> _What the task asks_
Retype, without alteration, each line from the line containing "PANTALONE LINO MOD" to the final line of the records.
★ ★ ★ ★
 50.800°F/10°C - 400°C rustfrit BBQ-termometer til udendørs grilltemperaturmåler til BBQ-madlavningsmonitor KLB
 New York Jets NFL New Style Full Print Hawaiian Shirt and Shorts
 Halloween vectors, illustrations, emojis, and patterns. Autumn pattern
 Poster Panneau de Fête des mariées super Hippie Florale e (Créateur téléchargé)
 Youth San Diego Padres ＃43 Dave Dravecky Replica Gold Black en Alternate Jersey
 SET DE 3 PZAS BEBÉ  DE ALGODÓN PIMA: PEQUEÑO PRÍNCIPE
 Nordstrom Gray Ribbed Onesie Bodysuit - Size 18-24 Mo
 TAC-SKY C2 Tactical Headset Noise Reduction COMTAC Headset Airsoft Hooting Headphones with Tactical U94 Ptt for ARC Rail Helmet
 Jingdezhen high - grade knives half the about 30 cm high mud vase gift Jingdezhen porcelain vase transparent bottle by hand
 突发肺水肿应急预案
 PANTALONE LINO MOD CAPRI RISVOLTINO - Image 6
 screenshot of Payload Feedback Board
★ ★ ★ ★
> _Your response_
 PANTALONE LINO MOD CAPRI RISVOLTINO - Image 6
 screenshot of Payload Feedback Board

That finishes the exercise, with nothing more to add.